*EXERCISE BRIEF*.
From the records below, extract only the lines running from the line with "University of Georgia" to the line with "St Patrick's Day Tom Clark Gnome Figurines", both lines included, reproducing them exactly.

*EXERCISE DATA*.
--
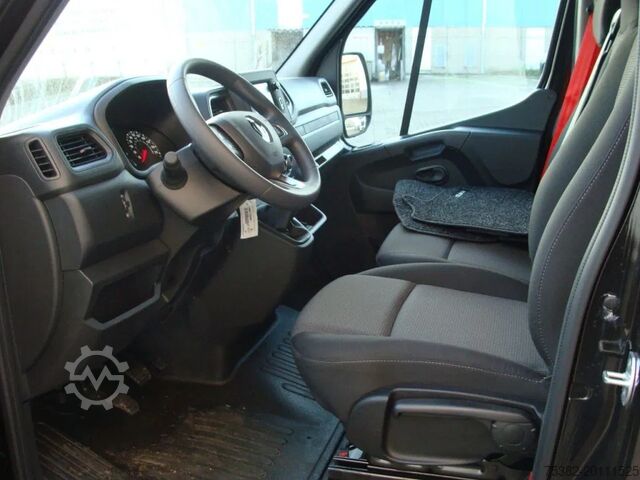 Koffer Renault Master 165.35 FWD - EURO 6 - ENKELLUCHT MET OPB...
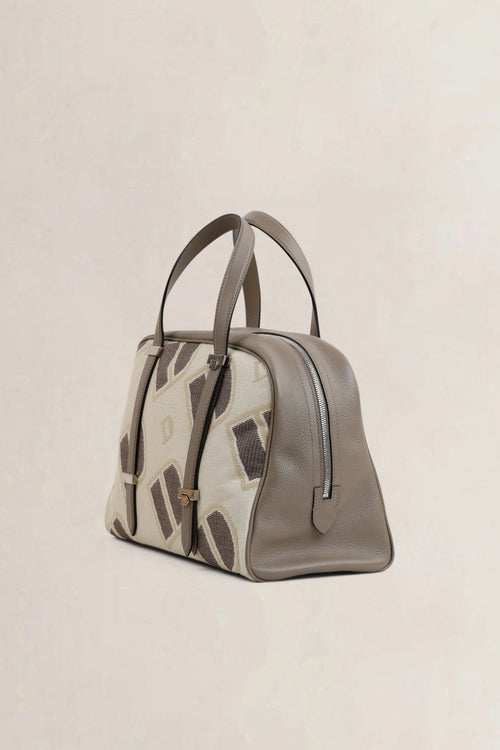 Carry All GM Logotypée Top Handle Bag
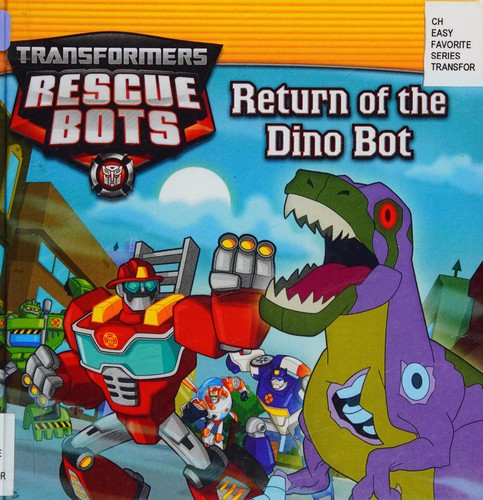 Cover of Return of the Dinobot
--
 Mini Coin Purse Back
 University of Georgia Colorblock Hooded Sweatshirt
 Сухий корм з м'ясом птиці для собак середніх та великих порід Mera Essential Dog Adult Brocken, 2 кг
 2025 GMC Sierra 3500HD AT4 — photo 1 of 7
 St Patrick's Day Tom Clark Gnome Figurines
--
*ANSWER FOR THE TASK*.
 University of Georgia Colorblock Hooded Sweatshirt
 Сухий корм з м'ясом птиці для собак середніх та великих порід Mera Essential Dog Adult Brocken, 2 кг
 2025 GMC Sierra 3500HD AT4 — photo 1 of 7
 St Patrick's Day Tom Clark Gnome Figurines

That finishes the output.